Once you’ve placed all your spending into categories, do the math: Divide the total of each category by your total monthly income.

Let’s work through an example. The Census Bureau says the U.S. median income is just over $31,000. After taxes, that’s a net of around $2,000 a month.

Using the 50-30-20 rule, $1,000 should go to needs, $600 to wants, and $400 to savings and paying down debt.

Granted, that’s a tough ask. Taking care of housing, food, transportation, and other basic needs on $1,000 a month is daunting, if not impossible. So your ratios may be different. Your “needs” money may take up the bulk of your income, and your savings percentage may be nonexistent.

So where should you start?

Take a hard look at your needs. Any item you can eliminate or reduce helps rebalance your ratios. Pay special attention to recurring expenses. Every year we shop for better insurance rates; every year we do a little better. (It’s amazing how discounts suddenly appear when your business may be lost.)

Same is true for things like cable; call and say, “I think I need to cancel my cable subscription. It’s too expensive,” and the rep will magically find ways to cut your costs.

Take a close look at every need and see if there’s a way to reduce, or work to someday eliminate, the cost.

Take a harder look at your wants. Right now what you really need — and should really want — is to gain a sense of financial freedom. Short term, that will likely mean a little sacrifice.

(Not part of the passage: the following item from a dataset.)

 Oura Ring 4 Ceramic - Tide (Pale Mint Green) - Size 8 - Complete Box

But once you get through the period, barring unforeseen circumstances, you will never have to take such harsh measures again. Trust me: The tradeoff is worth it.

Be smart about savings. Financial experts love to say “pay yourself first.” And you should. But sometimes paying yourself means paying off high-interest debt. As Warren Buffett says, “If I owed any money at 18 percent, the first thing I’d do with any money I had would be to pay it off. It’s going to be way better than any investment idea I’ve got.”

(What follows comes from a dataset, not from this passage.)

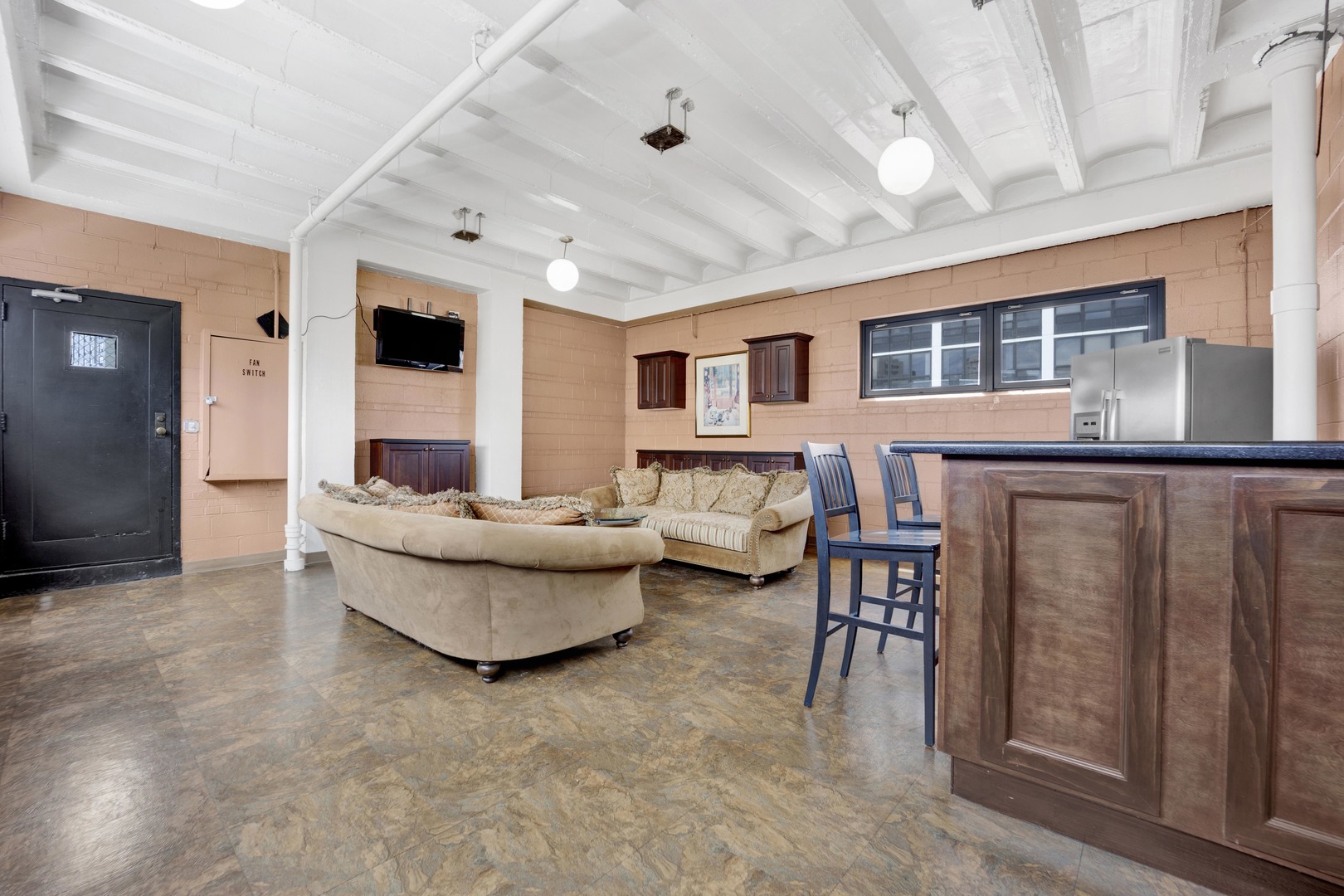 33 E CEDAR Street Unit: 5A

So if you have high-interest-rate debt, see paying it off as a form of investment — because it is. Putting an extra $100 toward a high-interest debt is like making 15 percent on that $100. And there’s a bonus: Once that debt is paid off, the principal portion of the payment comes out of your “needs” category, making your ratios shift even more in your favor. 

The Bottom Line

Keep in mind the 50-30-20 rule is just a guide. If your income is relatively low and you have a big family, saving 20 percent may be a struggle.

If you’re doing relatively well and want to put 20 percent down on your first home, “only” saving 20 percent may mean it takes a while to get there. (The median house price in Austin, Texas, is more than $400,000, which means you’ll need to save $80,000 just to cover the 20 percent down payment.)

That’s why the real value of the 50-30-20 rule may be that it forces you to take a close look at what you spend — and at your short- and long-term goals. 

If you can generate more income, great: The more you make, the more money available to fund each category. Still, making more money is only partly in your control. You can get a part-time job. Or start a side hustle. Or work incredibly hard to increase your business’s revenue, or your income.

But there are only so many hours in the day. And building an extremely successful business takes time.

So, for now, the only way to have more money is to spend less money. Knowing when a need is actually a want. Knowing when an upgrade is a want, and not a need. Knowing that money you spend today is not money you get back — and that putting money aside now is the only way to build wealth.

Knowing where, and how, you spend money — and making smart decisions about where and how to spend it in the future.

That’s the only way to achieve at least some degree of financial freedom, and to enjoy the increased number of choices that come with it.